In Their Own Words
August 19, 1753
Bryan Explored Altamaha Delta, Lamented Condition of Frederica
Jonathan Bryan and a team of explorers took a trip along Georgia’s coast in 1753; on this day they explored the delta of the Altamaha River in the morning, then in the afternoon visited a very important site in early Georgia history. To his dismay, it was already being neglected:
“…we then proceeded up the main stream of the Altamahaw, this is a fine bold fresh River which vents itself into three mouths, the North Mouth into Doboy Sound, the Main or middle Stream into Egg Island sound, and the South into Jekyll Sound to the Southward of great St. Simons. the general course into the Main is N.W. 70 it runs up into the Country several hundred Miles to the Indian Nations, the lower part of the River being divided into several Streams, makes a good many Islands, and a vast Quantity of River Swamps and fresh Marsh… about two we got to Frederica. This Town was built & fortified round by General Oglethorpe, with regular Bastions and a Citadel towards the River, with Spur work and a good number of large Cannon and Mortars, but now all in ruins, the Stores Mazaunes [magazines] and many good Tabby Buildings, all in a ruinous Condition, the Melancholy Prospect of Houses without Inhabitants, Barracks without Soldiers, Guns without Carriages and the Streets grown over with Weeds, appeared to me with a very horrible Aspect, and so very different from what I once knew it…”

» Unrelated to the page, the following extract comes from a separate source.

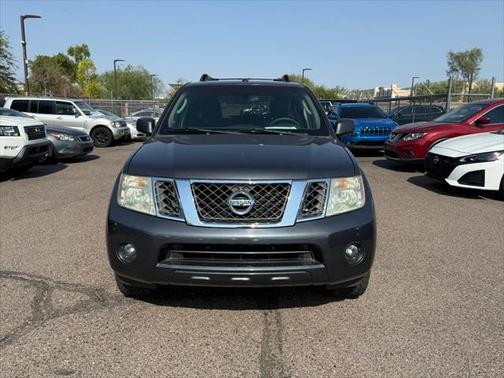 2010 Nissan Pathfinder SE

Source: Virginia Steele Wood and Mary R. Bullard, editors, Journal of a Visit to the Georgia Islands of St. Catherines, Green, Ossabaw, Sapelo, St. Simons, Jekyll, and Cumberland, with Comments on the Florida Islands of Amelia, Talbot, and St. George, in 1753. Mercer University Press, in association with The Georgia Historical Society, 1996, pp. 22-24.